§ Directions for this task: Reproduce exactly the lines below from the one containing "Six-Compartment Bamboo Tea" through the one containing "ZYTOYS ZY3014 1/6", including both, and nothing else.

§ Data to use:
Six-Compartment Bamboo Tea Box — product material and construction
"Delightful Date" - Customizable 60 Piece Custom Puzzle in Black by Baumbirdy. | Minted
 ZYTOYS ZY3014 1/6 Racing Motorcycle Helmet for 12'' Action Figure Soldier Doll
---
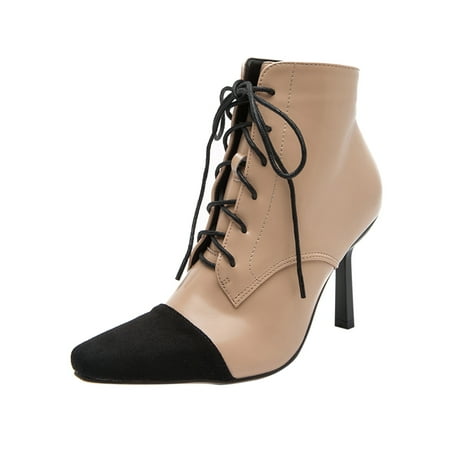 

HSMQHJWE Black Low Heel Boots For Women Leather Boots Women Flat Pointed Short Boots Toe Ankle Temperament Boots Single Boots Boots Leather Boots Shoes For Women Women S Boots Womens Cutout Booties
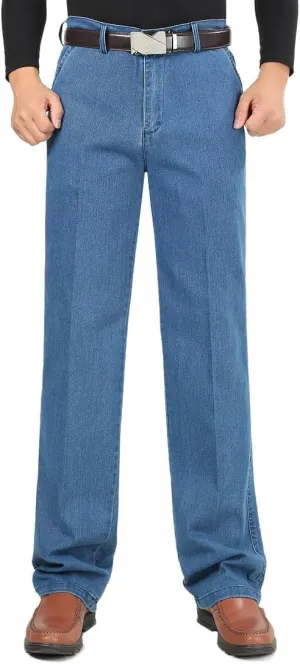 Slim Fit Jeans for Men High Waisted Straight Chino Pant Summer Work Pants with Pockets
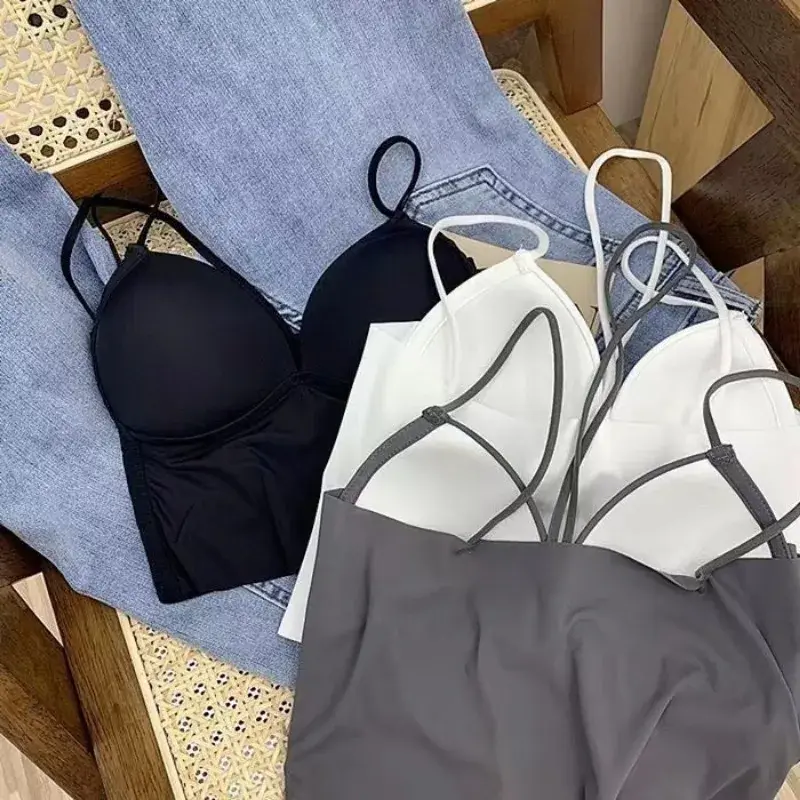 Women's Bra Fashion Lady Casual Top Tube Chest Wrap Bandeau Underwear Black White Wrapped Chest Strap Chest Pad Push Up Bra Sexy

§ Answer space:
Six-Compartment Bamboo Tea Box — product material and construction
"Delightful Date" - Customizable 60 Piece Custom Puzzle in Black by Baumbirdy. | Minted
 ZYTOYS ZY3014 1/6 Racing Motorcycle Helmet for 12'' Action Figure Soldier Doll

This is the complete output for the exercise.